Konuşmasında Erdoğan’ı bu yüzyılın Hitler’i olarak niteleyen Enes Kanter, maruz kaldığı tehditlerin, kendisini motive ettiğini ve asla susmayacağını söyledi. Enes Kanter toplantı sonrasında Twitter hesabından, Türkiye’deki insan hakları ihlallerine dikkat çekmek için başlatmış olduğu ve “You Are My Hope” (Benim Ümidimsin!) sloganını kullandığı imza kampanyasına destek çağrısında bulundu.

SENATÖRDEN TRUMP’A ‘İPTAL ET’ ÇAĞRISI

Toplantıyı organize eden Senatörlerden Ed Markey, Trump’a Erdoğan için yaptığı Beyaz Saray davetini iptal etme çağrısı yaptı. Senatör toplantının bitiminde sosyal medya hesabından Kanter’in konuşmanın bir bölümünü yayınlayarak “Erdoğan’ın otoriterizmini kınayan bir yasa tasarısı hazırlıyorum. Konuşma özgürlüğünüzü her zaman savunacağız” yorumunu paylaştı.

MEDYADA DA BOY GÖSTERDİ

Kanter, Mayıs 2020’de ise Amerika’nın önemli yayın kuruluşlarından MSNBC’de Türkiye’deki ailesinin yaşadığı mağduriyeti ve yaşanan hukuksuzluklardan bahsetti.  Türkiye’de çok sayıda gazeteci, öğretmen, ev hanımı gibi pek çok kesimden insanın siyasi sebeplerle suçsuz yere cezaevinde olduğunu söyledi. Kanter, konuşmasının devamında binlerce suçsuz insanın cezaevlerinde koronavirüsü tehlikesi altında olduğunu belirtti.

CNN’e konuk olan Kanter, “Türkiye’de Erdoğan’ı eleştirirsen Teröristsin” ifadelerini kullandı. Erdoğan hükumetinin 5 yıldır Gülen’in iadesini istediğini ama bir tane bile olsa delil gösteremediğini ifade etti. Kanter BBC’ye verdiği söyleşide de ‘Tüm dünyanın Türkiye’de neler olup bittiğini bilmesini istiyorum. Hakikatleri açıktan söylemeyi bırakmayacağım” sözlerini kullandı.

KIRMIZI BÜLTEN GERİLİMİ

Kanter ve Türkiye arasındaki bir başka gerilim ise kırmızı bülten tartışması oldu. Türkiye’nin hakkında yakalama talebiyle kırmızı bülten çıkardığı Kanter, ABD dışındaki ülkelerdeki maçlara yaklaşık 2 yıl gidemedi. Can güvenliği ve kırmızı bülten sebebiyle İngiltere’deki maçına gidemeyeceğini açıklayan Kanter’e Florida Senatörü Morco Rubio’dan destek geldi. Enes Kanter’in pasaportunun Türkiye tarafından iptal edildiğini belirten Senatör Rubio, Türkiye’de hükumeti eleştirmenin terörizm gibi gösterildiğini ve Enes Kanter hakkında da aynı şekilde terörizm davası açıldığını ifade etti.

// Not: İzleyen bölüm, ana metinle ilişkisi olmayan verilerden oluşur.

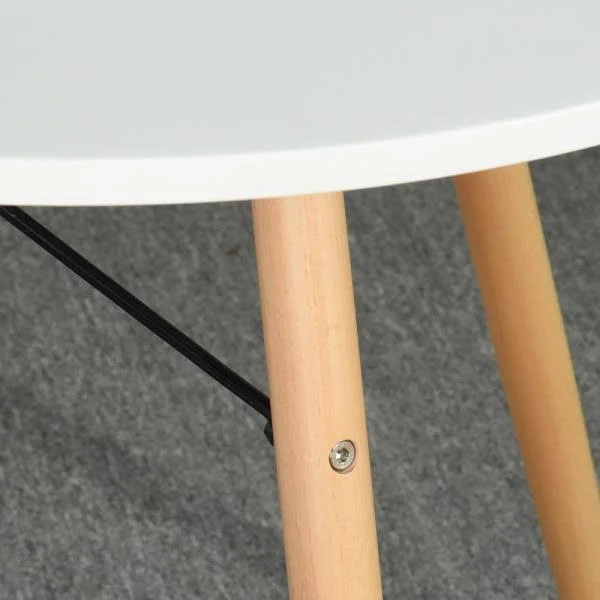 Furniturer Chad White Top Beech Legs Round Dining Table - White Beech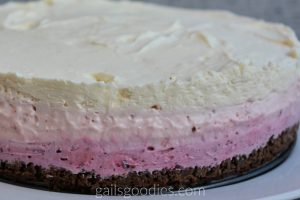 A close up photo of the ombre berry cheesecake. Each of the creamy levels is visible above the dark chocolate crust. The bottom layer is a dark purple pink with flecks of blueberries. The middle layer is a ligh pink and the top is a creamy white vanilla layer.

‘HERKES İÇİN ÖZGÜRLÜK’ MESAJI

Kırmızı Bülten nedeniyle ABD dışına çıkamayan Enes Kanter, Başbakan Justin Tredau hükümetinin verdiği özel güvenceyle Kanada’ya gitti. Boston Celtics’in Toronto’yu 118-102 yendiği karşılaşmada sahaya “Freedom for All” (Herkes için Özgürlük) yazılı tişörtü ile gelen Enes Kanter, parkeye de ‘Freedom’ (Özgürlük) yazdığı ayakkabılarıyla çıktı. Kanter, Tredau ile özel bir görüşme de yaptı.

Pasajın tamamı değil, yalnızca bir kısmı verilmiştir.